Honey glazed char siu (蜜汁叉燒) is often referred to as Chinese barbecue pork. You can often see them hanging in the window of Cantonese restaurants.
Literally ‘char’ means fork and ‘siu’ means roast. Traditionally, the pork meat is skewered with long forks and roasted while it is hung inside a tall Chinese oven. But it is possible to make char siu using a conventional home oven.
It is important to get the right cut of meat. Pork neck or shoulder will work well. But my favourite joint is the marvellously marbled meat between the neck and the shoulder blade, right next to the spine. My butcher sells this as the “spare rib chop”. I ask him not to cut it into chops but sell it to me as a big piece with the bone removed.

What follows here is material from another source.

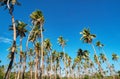 Tall palm trees against clear blue sky in tropics Royalty Free Stock Photo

Nowadays a lot of char siu are made with artificial colouring and commercial char siu marinade, which has MSG and does not have much flavour. I have experiment with different combinations of ingredients and have come up with this version of the marinade which is more than satisfying. Char siu gets its red colour from the fermented red bean curds. Another key ingredient of the marinade is Chinese rose wine (Mei kuei Lu Chiew). It is very fragrant, and adds a sweet and delicate scent to the char siu. There is really no suitable substitute for rose wine, although some cookbooks have suggested Shaoxing wine or sherry.
The pork is glazed with honey in the final stage of cooking. The char siu will be caramelised on the outside with a sticky and delicious layer of honey.
Ingredients
- 1.5kg pork "spare rib", neck or shoulder, without the bone and rind, cut into 4 elongated pieces of 3-4cm
- Runny honey for glazing
For the marinade:
- 1 fermented red bean curd cube, mashed, and 1 tbsp of the red juice
- 3 tbsp light soy sauce
- 2 tbsp Chinese rose wine (Mei kuei Lu Chiew)
- 2 tbsp hoisin sauce
- 2 tbsp ground yellow bean sauce
- 4 tbsp (60g) sugar
- 1 tsp salt
- 3 garlic cloves, pureed
- 1 tbsp groundnut oil
Instructions
- Mix all the marinade ingredients in a bowl. Marinate the pork for 6 hours or overnight.
- Place the pork pieces on a rack. Save any remaining marinade in the bowl.
- Preheat the oven at 160°C. I prefer to roast the meat at a low temperature to keep it tender and moist. Roast for 20 minutes and remove the meat from the oven. Brush the meat all over with the extra marinade.
- Turn the pieces over and roast the meat for another 15 minutes. The internal temperature of the meat should just reach 75°C (use a meat thermometer to test this if you have one).
- Brush the meat all over with honey. Grill the meat on both sides under the oven upper grill until the meat surface starts to sizzle.
- Let the meat cool down and slice the char siu across the grains. Char siu may be served on its own as a cold cut. You may also serve the char siu slices with cooked white rice and Chinese vegetables such as pak choy. In addition, char siu may be chopped into dices, and used in making fried rice and scrambled eggs.